- **Source information**:
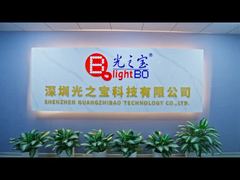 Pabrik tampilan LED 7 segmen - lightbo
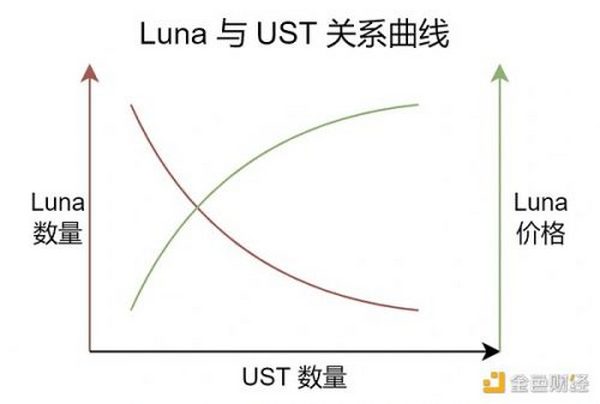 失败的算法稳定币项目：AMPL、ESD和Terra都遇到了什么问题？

--

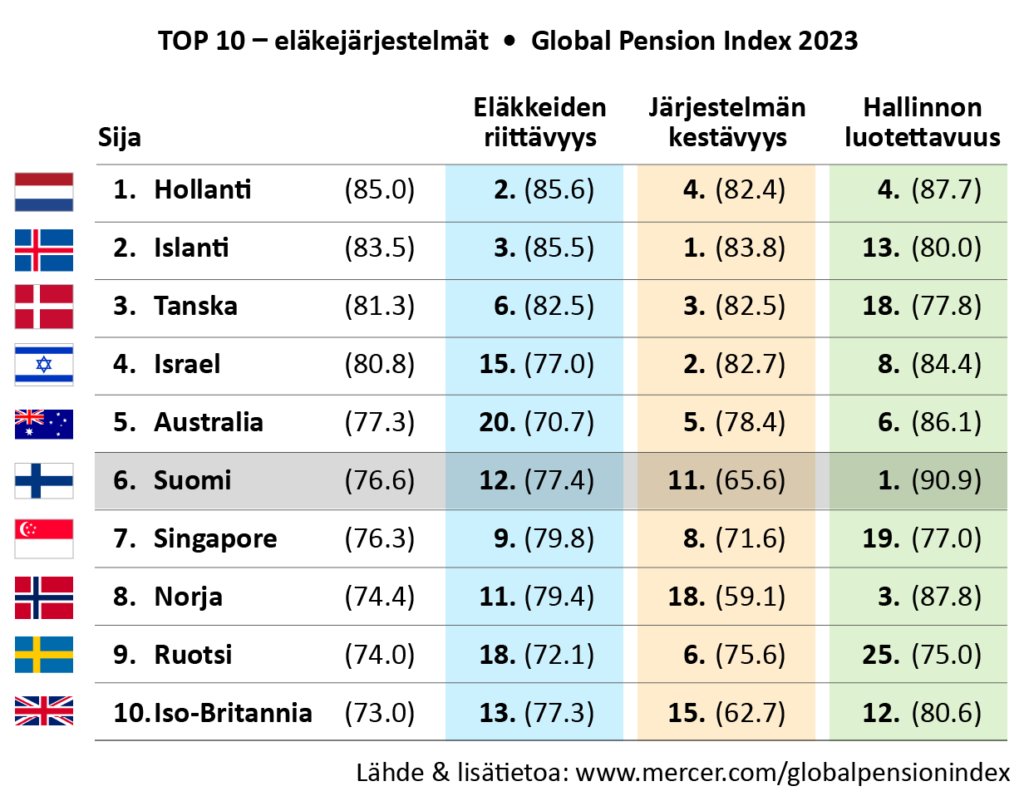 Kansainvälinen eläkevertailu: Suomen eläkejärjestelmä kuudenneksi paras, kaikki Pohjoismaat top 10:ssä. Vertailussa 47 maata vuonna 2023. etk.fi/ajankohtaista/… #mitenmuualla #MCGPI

- **Work request**:
From the records above, transcribe exactly the lines starting at the one containing "Pabrik tampilan LED 7 segmen - lightbo" and ending at the one containing "失败的算法稳定币项目：AMPL、ESD和Terra都遇到了什么问题？". Skip the pictures.

- **Task answer**:
 Pabrik tampilan LED 7 segmen - lightbo
 失败的算法稳定币项目：AMPL、ESD和Terra都遇到了什么问题？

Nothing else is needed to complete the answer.